Segment Start: Material shown

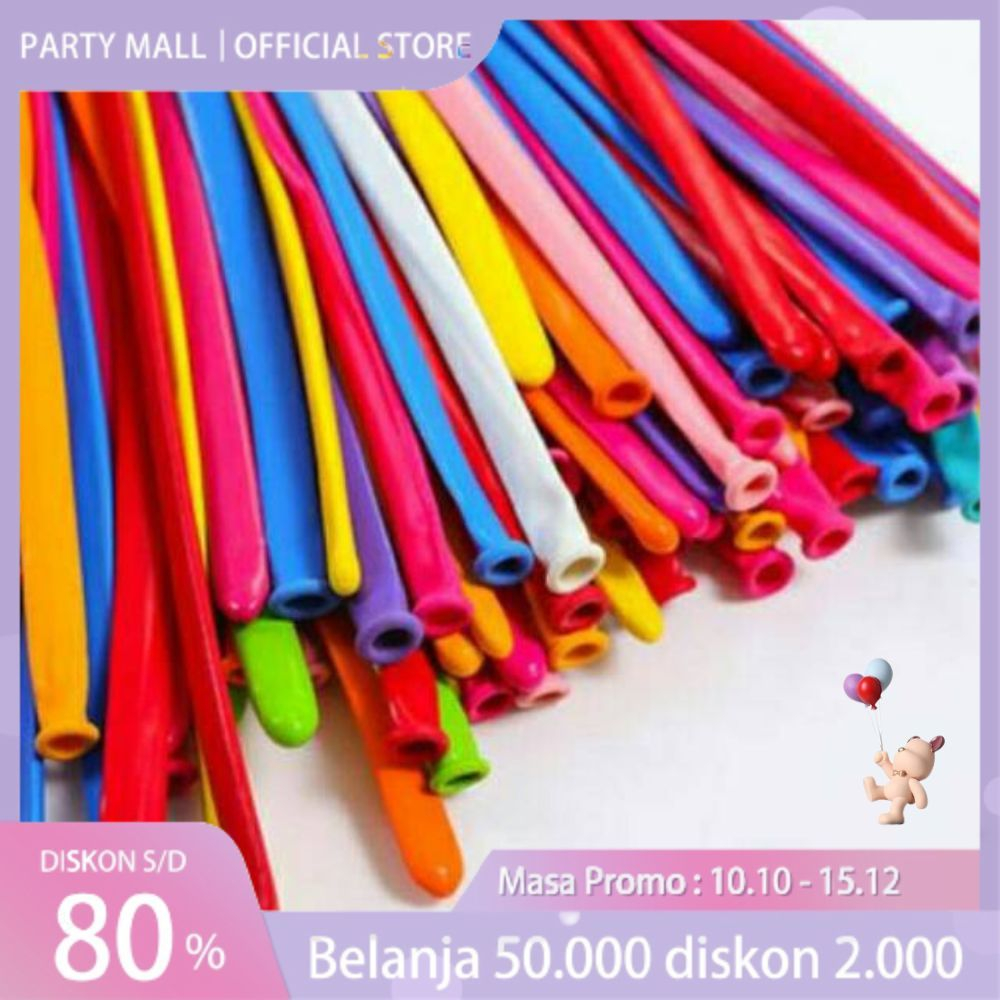 Jual Balon Latex Twist Pentil Doff Balon Panjang Isi 100 Pcs Shopee Indonesia 7832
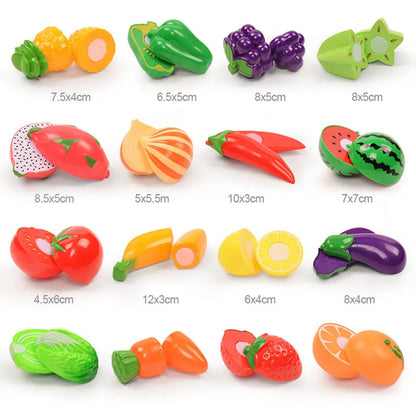 Children Simulation Kitchen Toys Set Pretend Play Fruit Vegetable Pizza Cutting Early Education Toys for Kids Play House Game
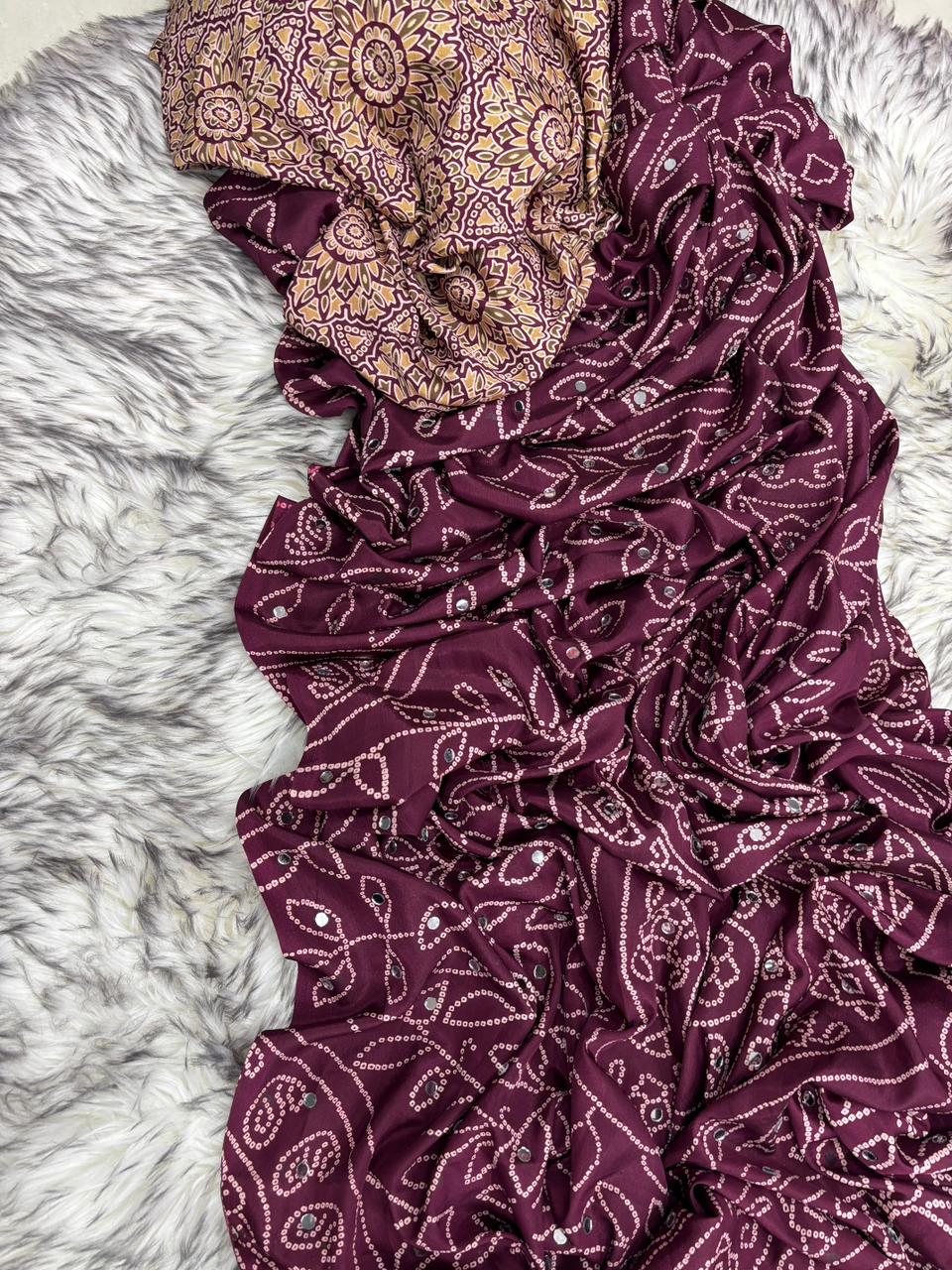 Gratifying Function Wear Pure Satin Silk Ajrak Printed Rich Pallu n Mirror Work Designer Saree With Blouse Piece
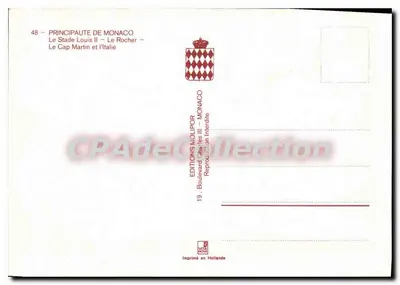Stadion Louis II - Le Rocher - Le Cap Martin i Włochy — Wydawnictwo Molipor — Rewers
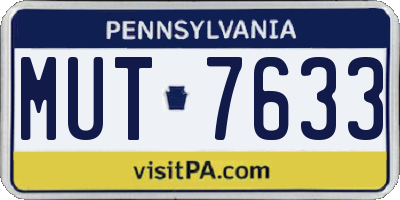 PA license plate MUT7633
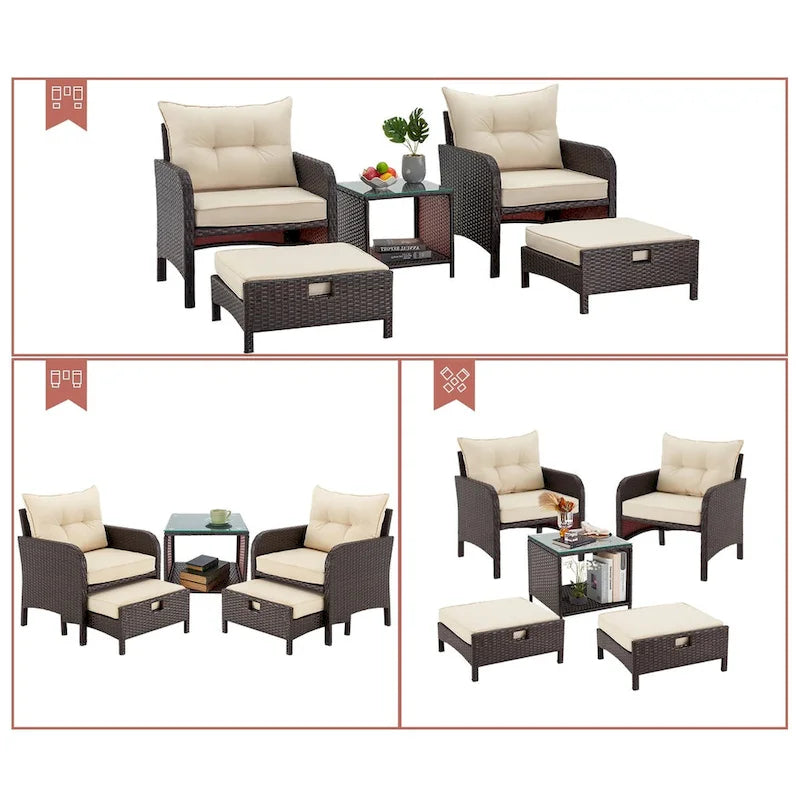 AVAWING 5-Piece Outdoor Khaki Wicker Rattan Conversation Set with Ottoman Table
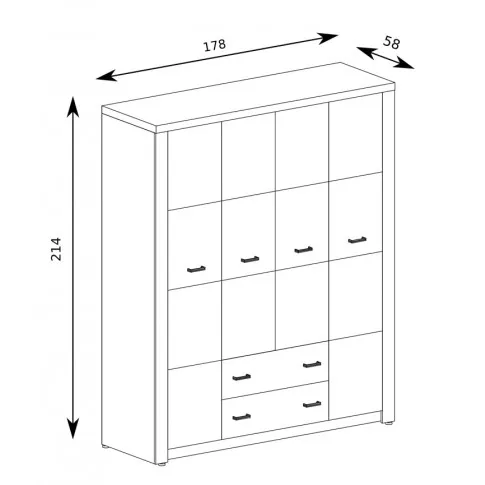 wymiary szafy czterodrzwiowej Dagna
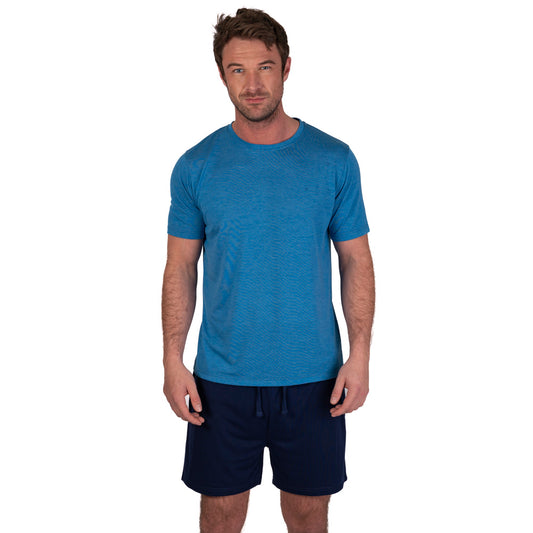 LSSET032 - Men's Crew Neck Tee & Shorts Pyjama Set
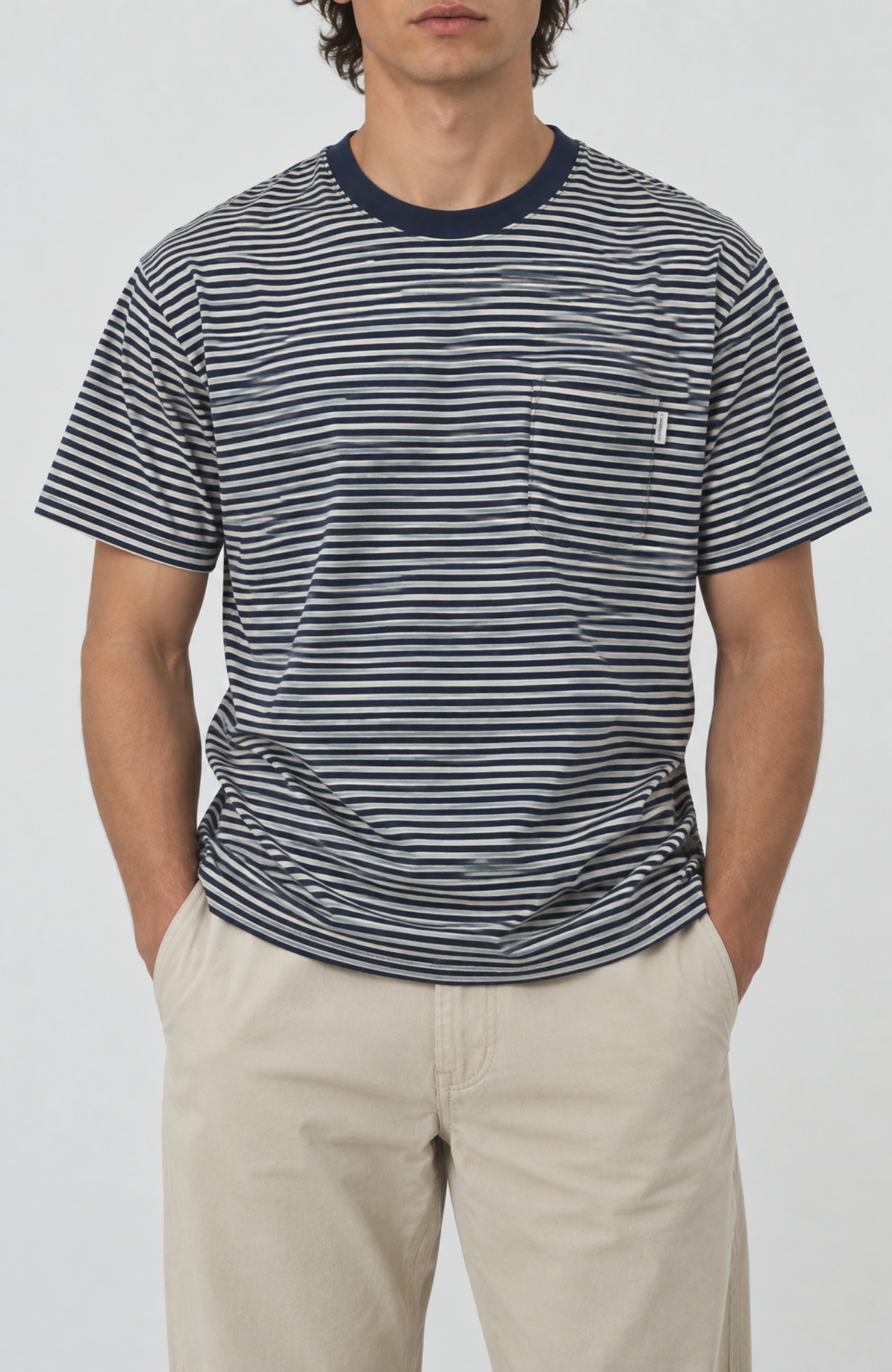 Stripe Pocket T-Shirt Navy Natural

Segment End: Material shown

▶ **Problem to work on**
Where the line holding "Stadion Louis II" appears, start copying, and continue exactly through the last line of the listing, both ends included, skipping the pictures.

▶ **Worked solution**
Stadion Louis II - Le Rocher - Le Cap Martin i Włochy — Wydawnictwo Molipor — Rewers
 PA license plate MUT7633
 AVAWING 5-Piece Outdoor Khaki Wicker Rattan Conversation Set with Ottoman Table
 wymiary szafy czterodrzwiowej Dagna
 LSSET032 - Men's Crew Neck Tee & Shorts Pyjama Set
 Stripe Pocket T-Shirt Navy Natural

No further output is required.